Compounding the problem, the review was sponsored by the BoatUS Foundation and the giant US chandlery chain, West Marine. West Marine is offering refunds to customers who bought the McMurdo products.
The ESF tests were run on six 406MHz beacons and while all six obtained a minimal acceptable level of distress alerting by producing a Doppler location, the tests run on the GPS based location through GEO satellites showed McMurdo's Precision 406 MHz GPS EPIRB and its Fastfind Plus 406 MHz Personal Location Beacon both apparently failed to produce a position.
According to Ritter: "The tests revealed that purchasers of these GPS-equipped 406 MHz beacons are apparently not getting what they paid for and are operating under false expectations. This lack of GPS data could result in tragedy that might have otherwise been prevented."

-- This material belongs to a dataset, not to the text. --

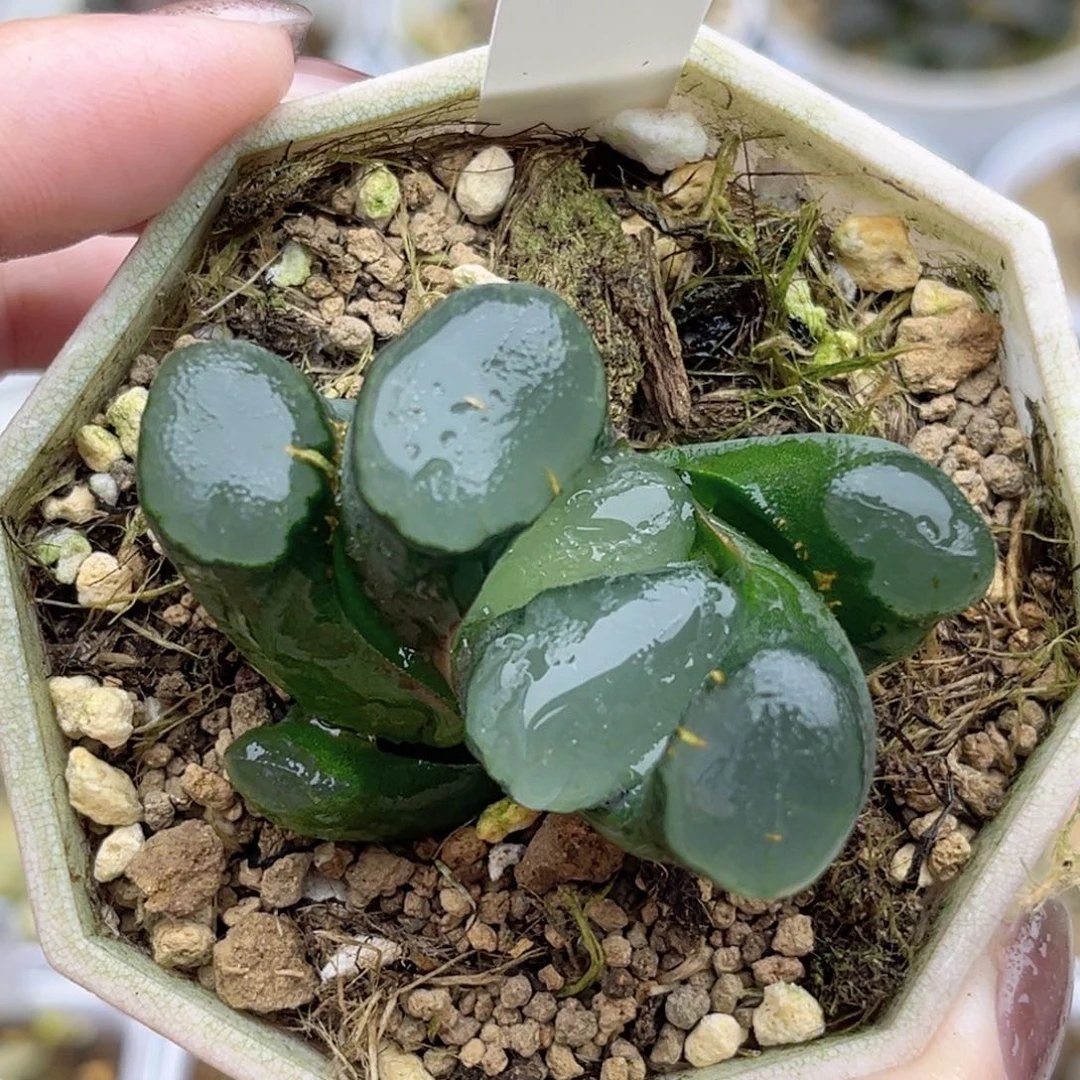 69巨大红月亮万象福利专场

Mullins said as a result of Ritter's report, McMurdo is to commission its own independently witnessed tests to establish how its products perform under the same test conditions.
"If these new tests, which will be completed within the next 30 days, show the products perform as expected, and contradict Doug's report findings, the results will be published, " said Mullins. "If the product fails to meet our high performance standards, we will immediately take whatever action is required."
Chris Hoffman, technical director of McMurdo added: "Our products meet all American approval requirements and fully comply with the FCC and RTCM standards.
Doug's results appear to show our products did not acquire and transmit a GPS location. We are mystified by his results because our EPIRBs and PLBs were tested pre-trial and obtained GPS lock within two to three minutes."
Hoffman went on to say that when independently tested elsewhere in the United States, Europe and Australia, the same products achieved GPS acquisition superior to that reported in his recent trials.
Anxious to reassure customers, Hoffman insisted they could be confident that, whatever their GPS fix status, these McMurdo products will still transmit a distress alert, within three minutes, to the GEO-Stationary satellites for onward transmission to the rescue authorities.
"In the event that this alert does not contain GPS location, " he said, "the position will subsequently be determined by the LEO satellite network."